- Work to be completed: Omit every picture. Return all other data as it stands.

- Extracted material:
—————
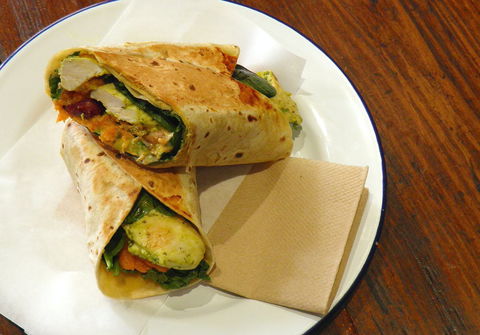O Superfood - Accommodation Brunswick Heads 0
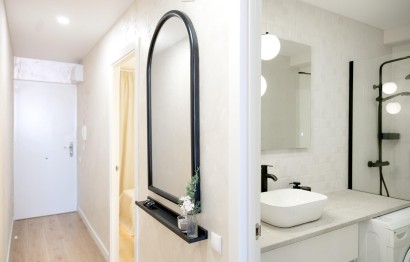 Reventa - Apartamento / piso - Santa Pola - Club nautico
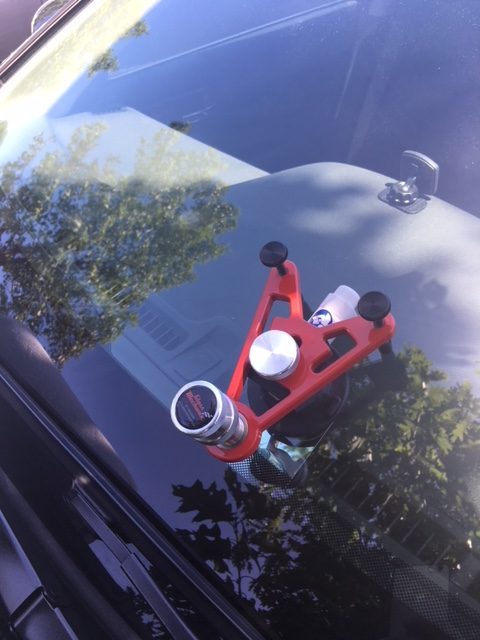 Windshield Repair
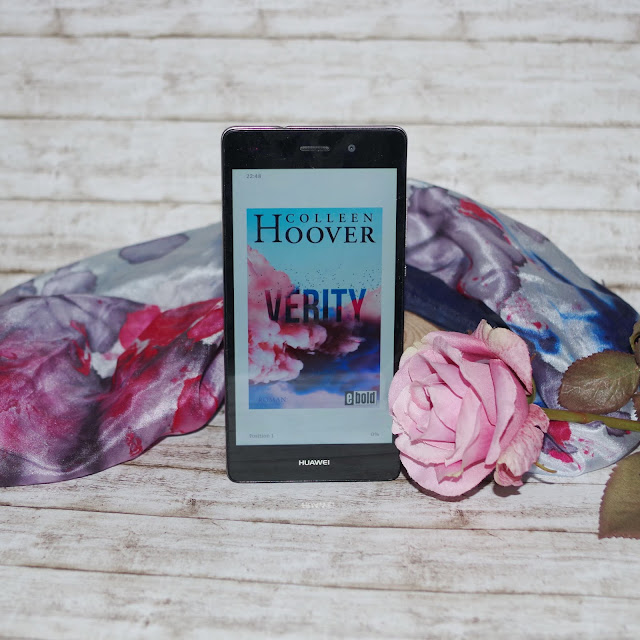 [Books] Colleen Hoover - Verity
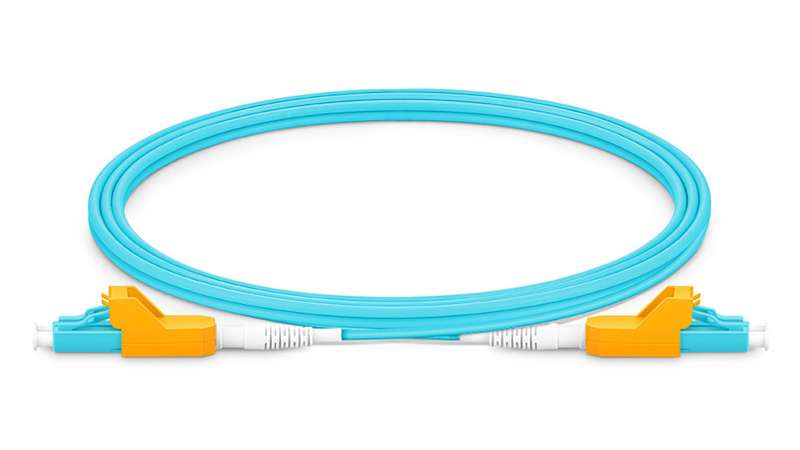 fiber optic patch cable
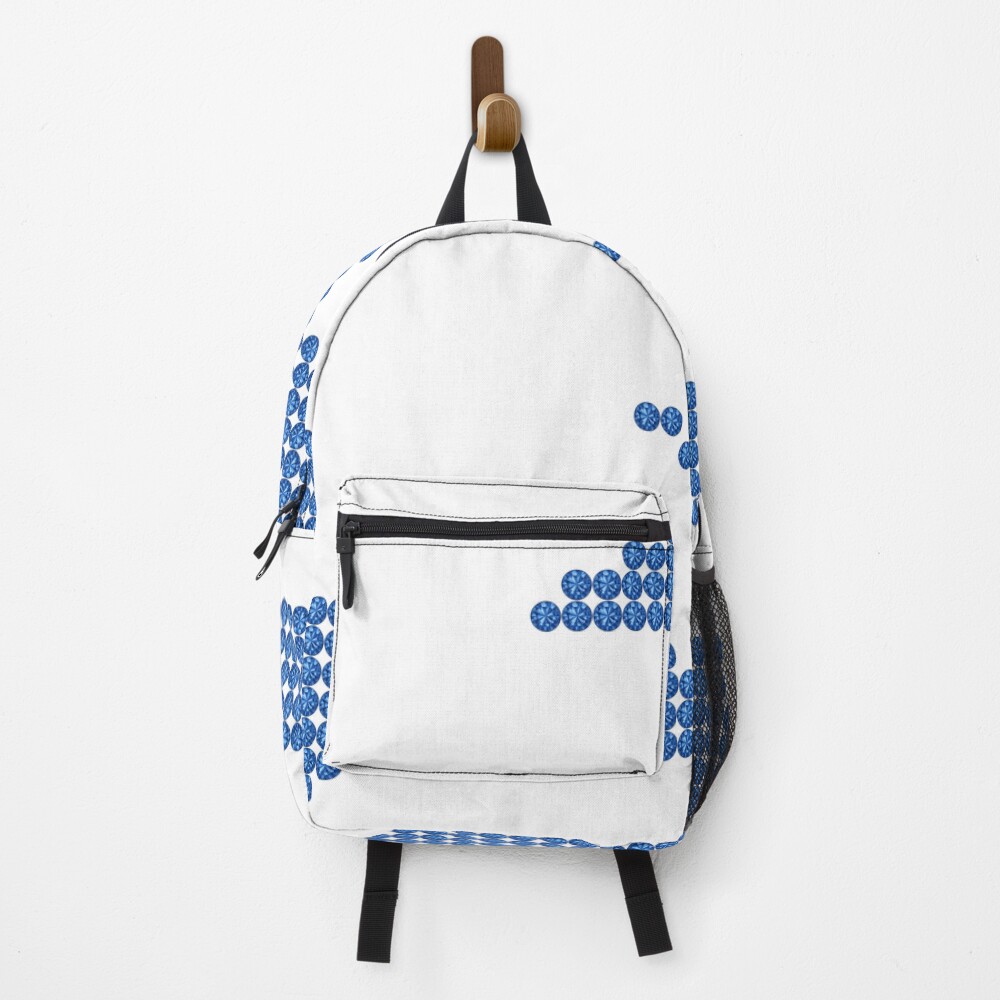 Item preview, Backpack designed and sold by TheIconSmith.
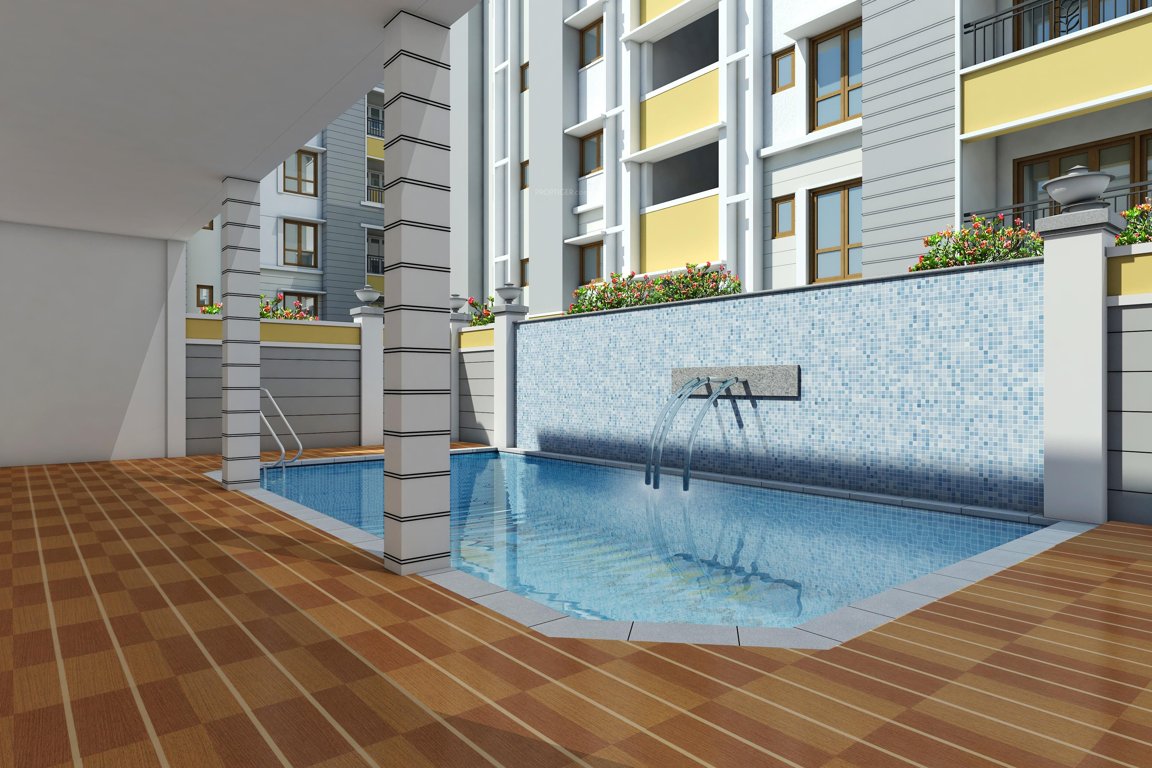 Images for Amenities of Srikaram Shubhadhi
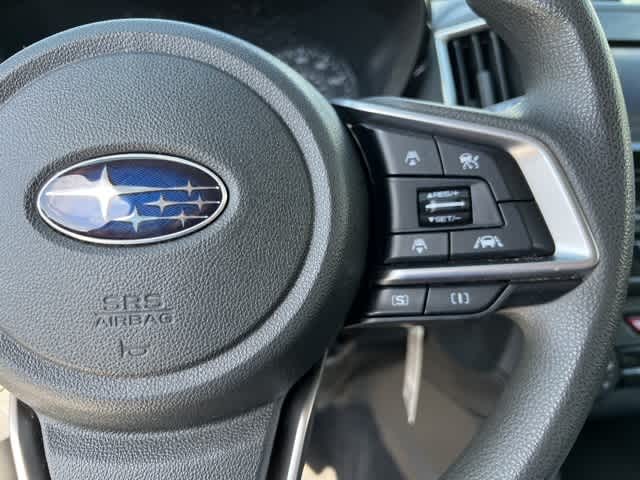 2021 Subaru Impreza Premium 36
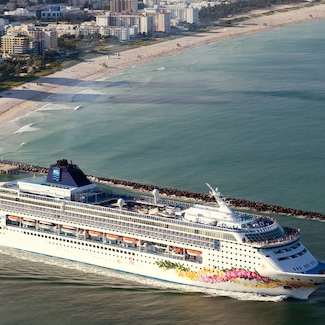 Norwegian Sky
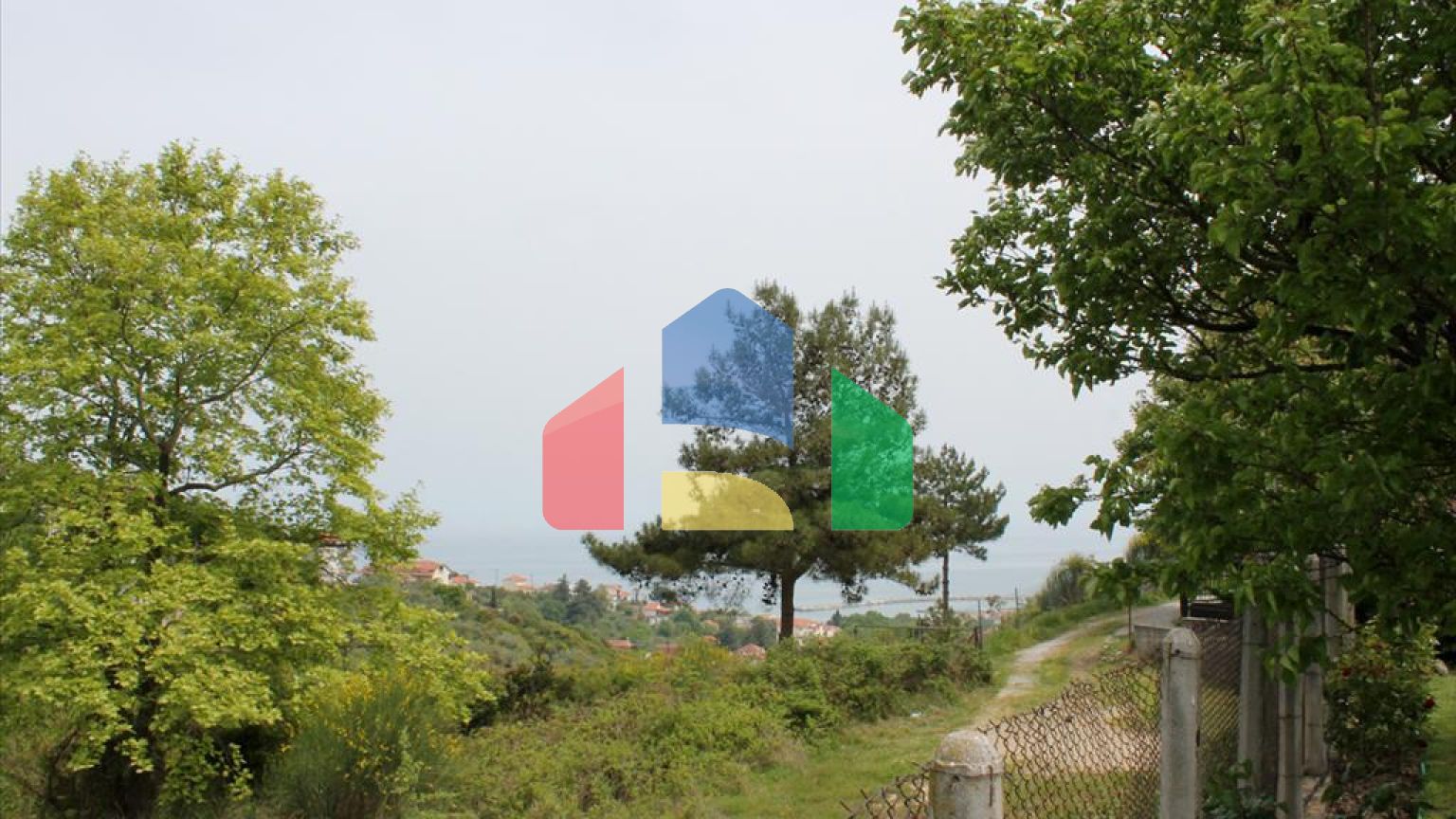 Продажа - Коттедж 340 m² на Олимпийской Ривьере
—————
- Answer for the task:
O Superfood - Accommodation Brunswick Heads 0
 Reventa - Apartamento / piso - Santa Pola - Club nautico
 Windshield Repair
 [Books] Colleen Hoover - Verity
 fiber optic patch cable
 Item preview, Backpack designed and sold by TheIconSmith.
 Images for Amenities of Srikaram Shubhadhi
 2021 Subaru Impreza Premium 36
 Norwegian Sky
 Продажа - Коттедж 340 m² на Олимпийской Ривьере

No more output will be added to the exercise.